INFORMATION SUPPLIED:
<<<<

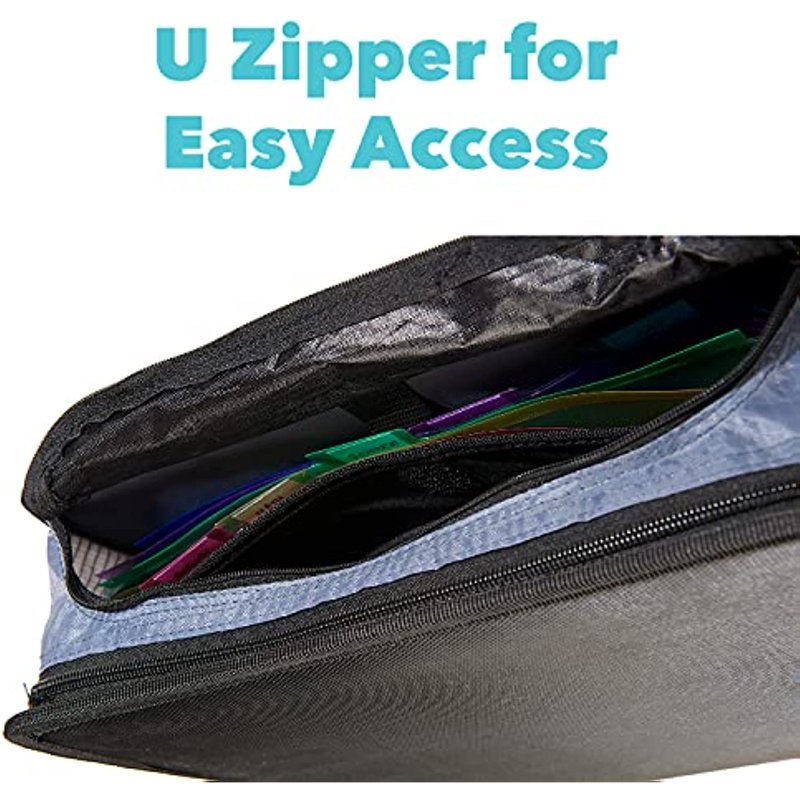 3-Inch Zipper Binder with Expandable File and Mesh Pockets for School Organization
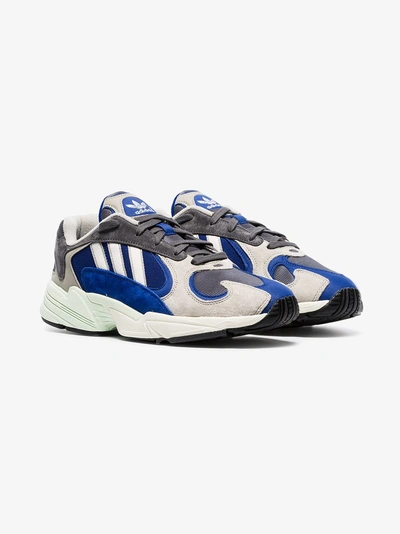 Adidas Originals Grey And Blue Yung 1 Leather And Suede Sneakers | ModeSens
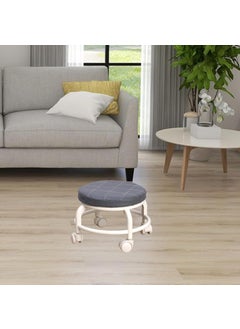 SEVIA SEVIA Heavy Duty Rolling Stool Low Stool Faux Leather Surface Sponge Filling Metal Legs 360 Universal Wheel Low Stool for Living RoomBedroomMakeup Room  - Image 5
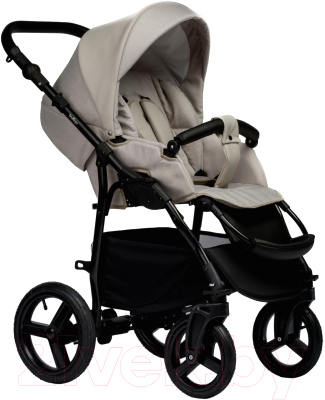 Детская универсальная коляска INDIGO Impulse Eco 2 в 1 (Ie 02, бежевая кожа/бежевый)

>>>>

WHAT IS EXPECTED: Output the material above exactly as written and drop any images it holds.

COMPLETED TASK:
 3-Inch Zipper Binder with Expandable File and Mesh Pockets for School Organization
 Adidas Originals Grey And Blue Yung 1 Leather And Suede Sneakers | ModeSens
 SEVIA SEVIA Heavy Duty Rolling Stool Low Stool Faux Leather Surface Sponge Filling Metal Legs 360 Universal Wheel Low Stool for Living RoomBedroomMakeup Room  - Image 5
 Детская универсальная коляска INDIGO Impulse Eco 2 в 1 (Ie 02, бежевая кожа/бежевый)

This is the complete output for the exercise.